Each game must also be prepared to alter the behavior of any manually integrated 3rd party SDKs and services based on the user's opt-in preference. For example, if the user chooses to opt-out to 3rd party targeted advertising, each game may need to stop sending data to specific 3rd party SDKs.

Pre-Requisite

You must integrate the BFG SDK into your game code to use the Consent Manager.

To implement consent policies, you need to add a call to bfgManager.addPolicyListener as early as possible in the game's run loop. When a listener is registered, it will immediately get a callback indicating the current state:

  • willShowPolicies if consent is required
  • onPoliciesCompleted if not consent is not required

Games should be prepared for asynchronous callbacks that can occur at seemingly arbitrary times. A good way to think about the callbacks is the willShowPolicies is a UI red light, and onPoliciesCompleted is a UI green light.

info

Games can continue to launch in the background while waiting for the callback from the BFG SDK. However, it is important that you do not show any engaging game UI until after the BFG SDK finishes showing the policies, including custom UI from deep link payloads, interstitial payloads, push notification payloads, branding, or anything else that contains user-actionable UI.

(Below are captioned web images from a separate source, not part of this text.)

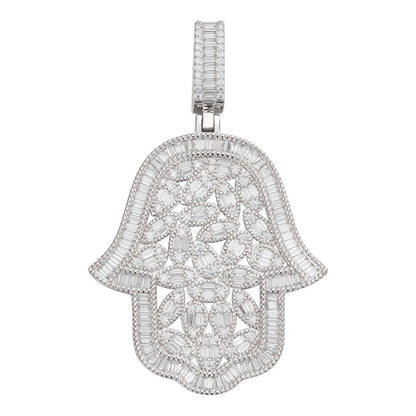 HarlemBling MOISSANITE 100 Evil Eyes Hamsa Hand Iced Out Pendant - 925 Silver - 3 Sizes 1.25"-3"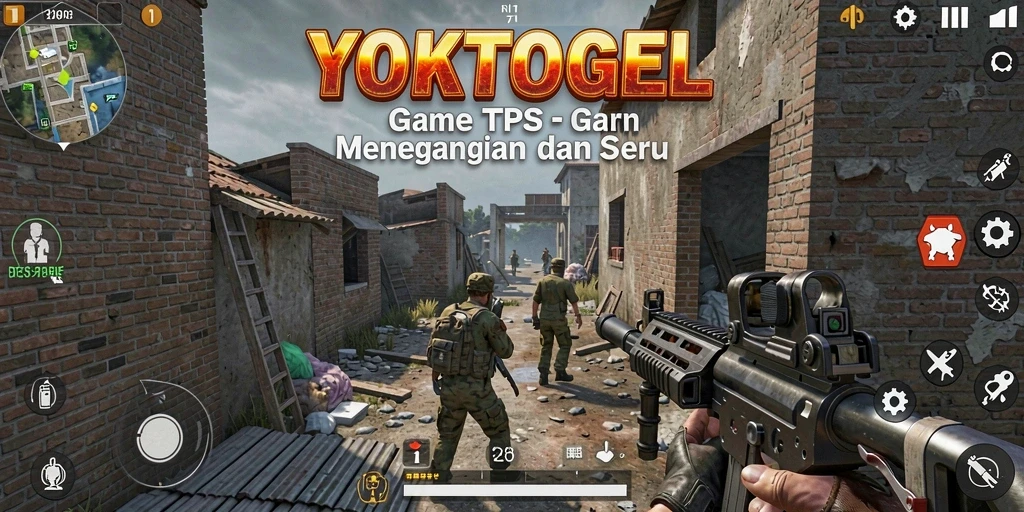 Screenshot gameplay YOKTOGEL yang menunjukkan aksi tempur TPS.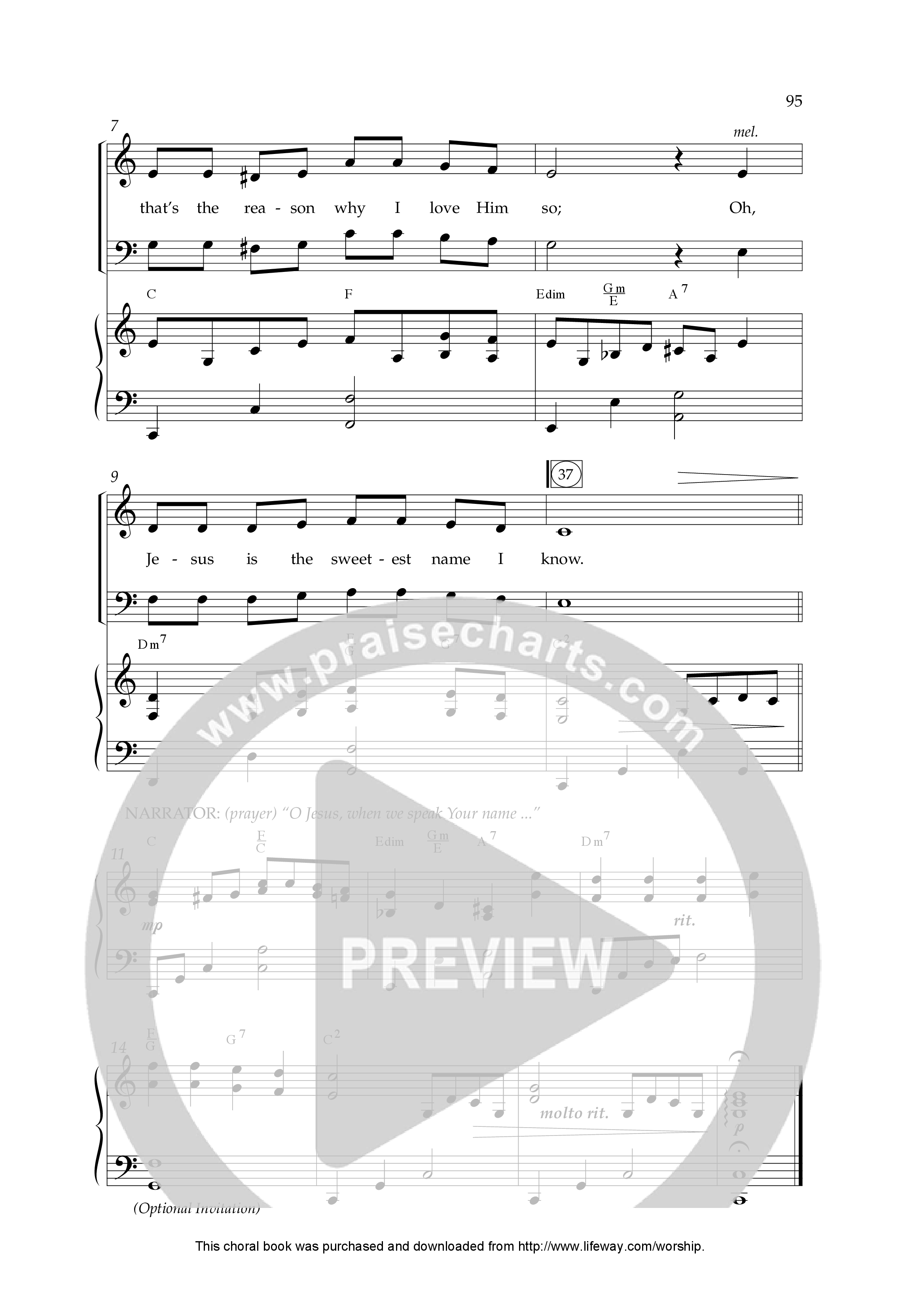 Jesus Is The Sweetest Name I Know (Choral Anthem SATB) Anthem (SATB/Piano) (Lifeway Choral / Arr. Dennis Allen)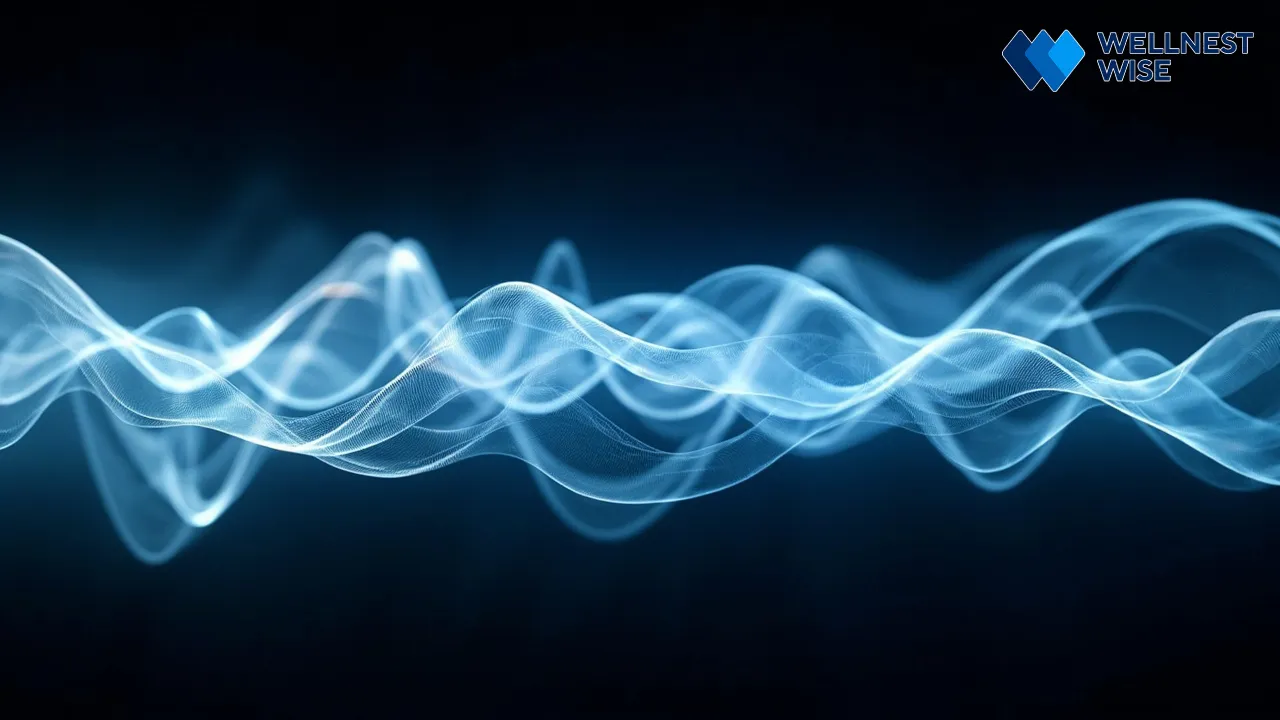 Visualizing a broad spectrum of sound waves overlapping, depicting the scientific composition of white noise.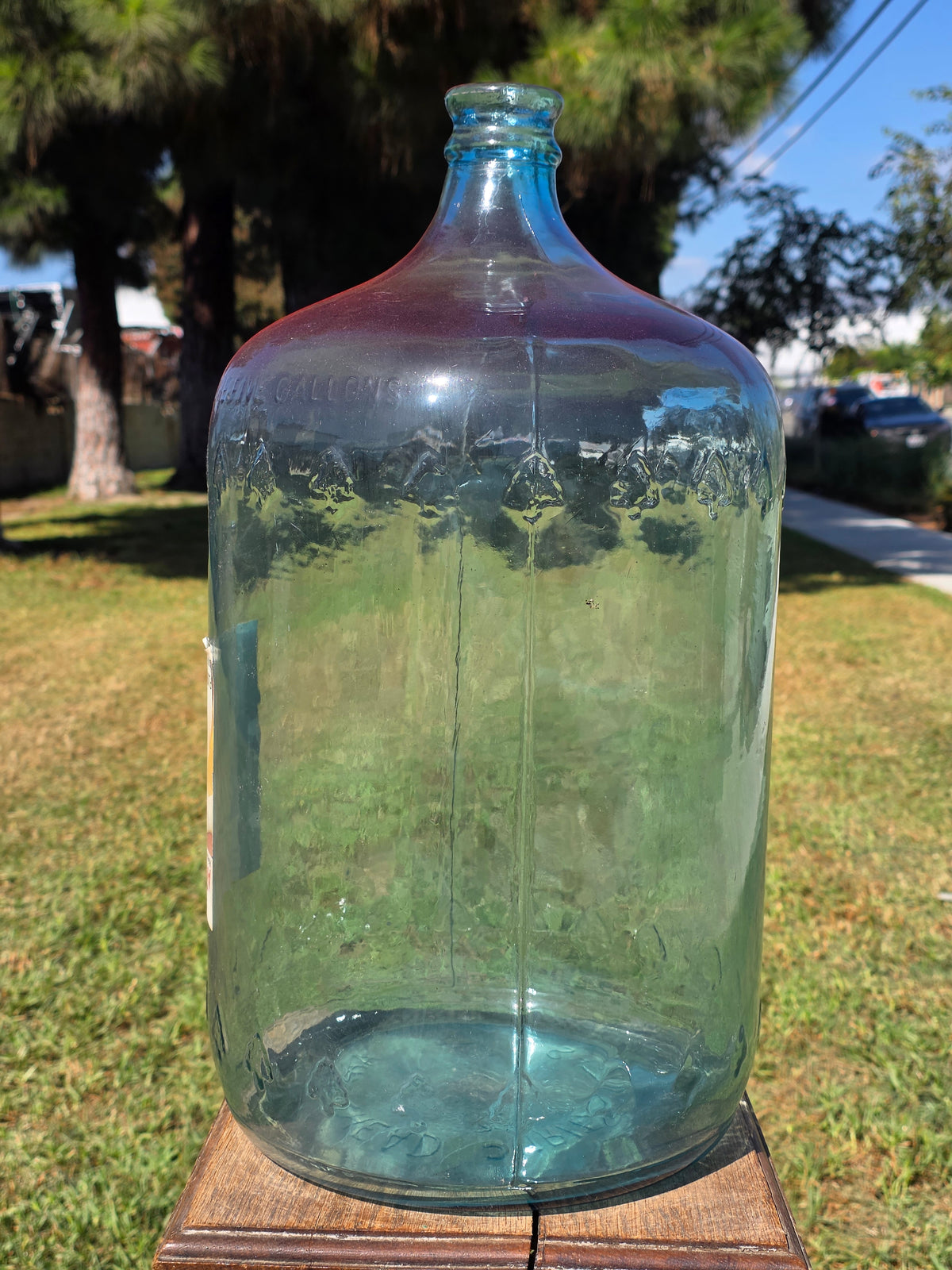 Vintage Arrowhead Puritas 5 Gallon Glass Water Bottle Carboy Wood Crate 1974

// Call this method as early as possible.
void ButtonToAddPolicyListener()
{
  bfgManager.addPolicyListener (willShowPolicies, onPoliciesCompleted);
  Debug.LogFormat("PolicyControls - Listener added");
}

// SDK is about to show policies.
void willShowPolicies (string notification)
{
  Debug.LogFormat("PolicyControls willShowPolicies: " + notification);
}

// SDK has finished showing policies.
void onPoliciesCompleted (string notification)
{
  // Game can start displaying vital game content
  Debug.LogFormat("PolicyControls policiesCompleted: " + notification);
  // After policies have been completed, verify if the user accepted or declined the policy.
  Verify_Policy_Status();
}

Checking for Controls​

Controls are used as signals to block or allow features and/or reporting events sent to 3rd parties based on the user's opt-in preference of a policy. The BFG SDK uses a controls list to determine which 3rd parties will receive data.

The bfgManager.didAcceptPolicyControl control affects the collection/transmission of data used by 3rd party-directed advertising. This method will return:

  • YES / True if the user has accepted the control.
  • NO / False if declined or there is no record of the user accepting it.

An example call would look similar to this:

if (bfgManager.didAcceptPolicyControl(bfgCommon.THIRDPARTYTARGETEDADVERTISING))
{
 // The game is clear to do stuff that may send data eventually provided to 3rd party targeted advertisers.
}

Any 3rd party features included in the SDK (AppsFlyer, Facebook, Rave, etc) are handled, and any additional ones added by the team outside of the BFG SDK (ironSource, LeanPlum, etc) need to be handled separately.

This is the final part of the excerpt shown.